Not only should investment firms secure their own networks and information, it is important that they consider and address the privacy and data security practices of the portfolio companies they manage because a privacy or security incident could undermine a firm's investment in a portfolio company. For similar reasons, investment firms should review the privacy and data security practices of third-parties with which portfolio companies contract to provide services. Managing privacy and data security risk within a portfolio is an especially challenging task, given that an investment firm's portfolio likely includes a broad range of industries, varying types of information that must be secured, and a host of third parties interacting with those portfolio companies.

III. Complex Regulatory Environment

A. Privacy and Data Security Regulators

The active regulatory environment and the various agencies involved in the regulation of consumer and investor data creates additional complexity in complying with the myriad of privacy and data security rules and regulations. In the United States, several federal agencies, including the Federal Trade Commission, Federal Communications Commission and Consumer Financial Protection Bureau, have claimed authority to regulate privacy and data security. Determining which agency is likely to claim jurisdiction (and sometimes there is more than one) will depend on the business sector of the company, the activities in which the company is engaged, or the underlying data at issue. Several state Attorneys General have also sought to regulate corporate privacy and data security practices, with a handful of states often taking a leadership role in multi-state investigations. Investment firms can further be subject to foreign privacy and data security obligations, so they must closely examine key privacy and data security developments in countries in which they operate and/or invest, such as the European Union's recent General Data Protection Regulation (adopted by the EU Council and Parliament in April 2016).

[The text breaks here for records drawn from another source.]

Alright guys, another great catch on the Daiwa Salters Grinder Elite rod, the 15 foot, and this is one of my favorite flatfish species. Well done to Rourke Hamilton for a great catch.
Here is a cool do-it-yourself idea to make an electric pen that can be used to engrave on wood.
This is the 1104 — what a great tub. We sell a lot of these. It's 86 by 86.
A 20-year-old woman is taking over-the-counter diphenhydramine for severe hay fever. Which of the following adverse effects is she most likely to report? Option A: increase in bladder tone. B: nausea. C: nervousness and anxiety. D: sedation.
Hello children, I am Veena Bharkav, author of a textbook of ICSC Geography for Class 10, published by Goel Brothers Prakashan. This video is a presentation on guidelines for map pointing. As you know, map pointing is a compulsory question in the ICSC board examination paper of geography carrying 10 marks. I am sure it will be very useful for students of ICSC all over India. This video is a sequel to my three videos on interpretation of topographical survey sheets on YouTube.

Additionally, the U.S. Securities and Exchange Commission has increasingly focused on cybersecurity risks facing investment firms. In April 2014, the SEC's Office of Compliance Inspections and Examinations ("OCIE") announced a series of examinations to identify data security risks in the securities industry. Following completion of these examinations, in February and April 2015, OCIE provided guidance to investment firms regarding three broad categories of cybersecurity protections they should implement: 1) conduct periodic risk assessments regarding cybersecurity practices, 2) develop a cybersecurity strategy to prevent, detect, and respond to cybersecurity threats, and 3) implement that strategy through policies, procedures, and training. On September 15, 2015, OCIE announced a second round of examinations that would focus on six key areas: 1) governance and risk assessment, 2) access rights and controls, 3) data loss prevention, 4) vendor management, 5) training, and 6) incident response.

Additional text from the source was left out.